The Company has no other "plans" (as such term is used in
Item 402 of Regulation S-K) with respect to further executive
compensation.
Other Compensation
Not applicable.
Compensation of Directors
Directors of the Company receive no compensation for
services as such.
Termination of Employment and Change of Control Arrangements
Not applicable.
Item 11. SECURITY OWNERSHIP OF CERTAIN BENEFICIAL OWNERS AND
MANAGEMENT
The following table sets forth the number of shares
beneficially owned, as of June 27, 2000, by each Director of the
Company, by all officers and Directors as a group and by all
persons known to the Company as owning or possessing voting
control over five (5%) percent or more of the Company's
outstanding shares of Common Stock:
Number Percentage
of Shares of Shares
Name and Address Owned Outstanding
Dean W. Rowell 56,617,117 54.0%
Pamela K. Nelson 3,081,100 3.0%
Michael M. Cannon 13,000 .0%
All Officers and Directors
as a group 59,711,217 57.0%
Item 12. CERTAIN RELATIONSHIPS AND RELATED TRANSACTIONS
Transactions with Management and Others
Geologic and other information which PIC has or develops is
available to Mr.
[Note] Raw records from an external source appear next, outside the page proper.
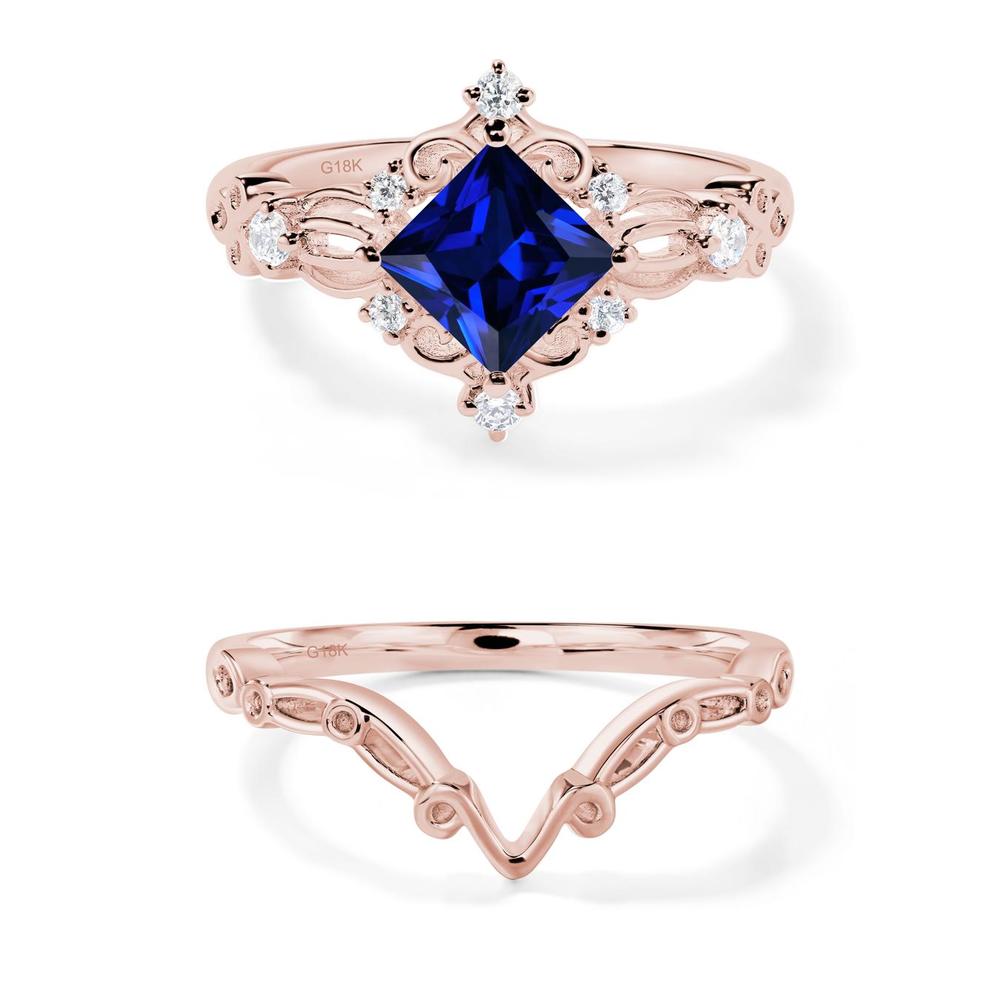Sapphire Art Deco Ring - LUO Jewelry #metal_xxxxx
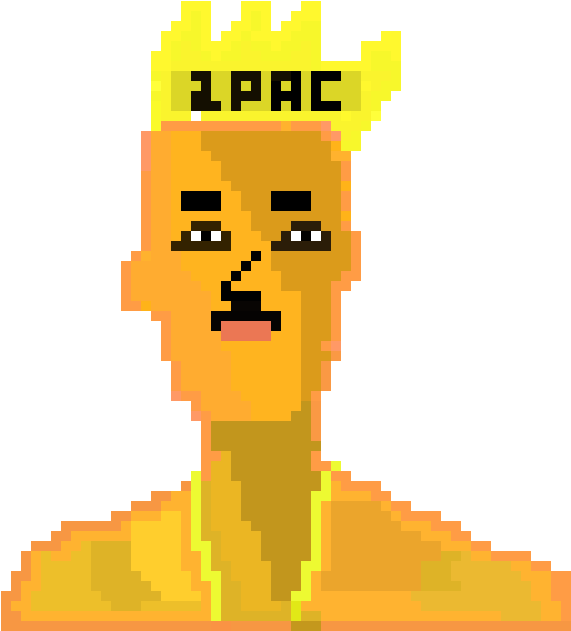 2pac - Illustration (620x660), Png Download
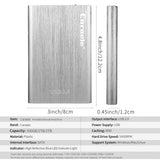 Maxbell External HDD Hard Disk Drive Portable Drive Silver 500GB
Rowell as an officer of the Company, and he may
use such information for the benefit of the Company in
determining which leases to buy or sell. Such information is
also available to Mr. Rowell, without cost, in connection with
Mr. Rowell's participation in the Leasing Programs.
During the nine year period since fiscal 1991, Trachyte has
helped financially support the Company largely due to Mr.
Rowell's efforts to secure loans from Trachyte for the Company
during periodic cash flow difficulties. During such periods, the
several transactions with Trachyte have provided the financial
means for the Company to pursue commercialization of the Mayfair
Project, otherwise the Company would have been unable to pursue
this goal. Final plans and final financial arrangements had not
been completed for the Mayfair Project as of June 27, 2000.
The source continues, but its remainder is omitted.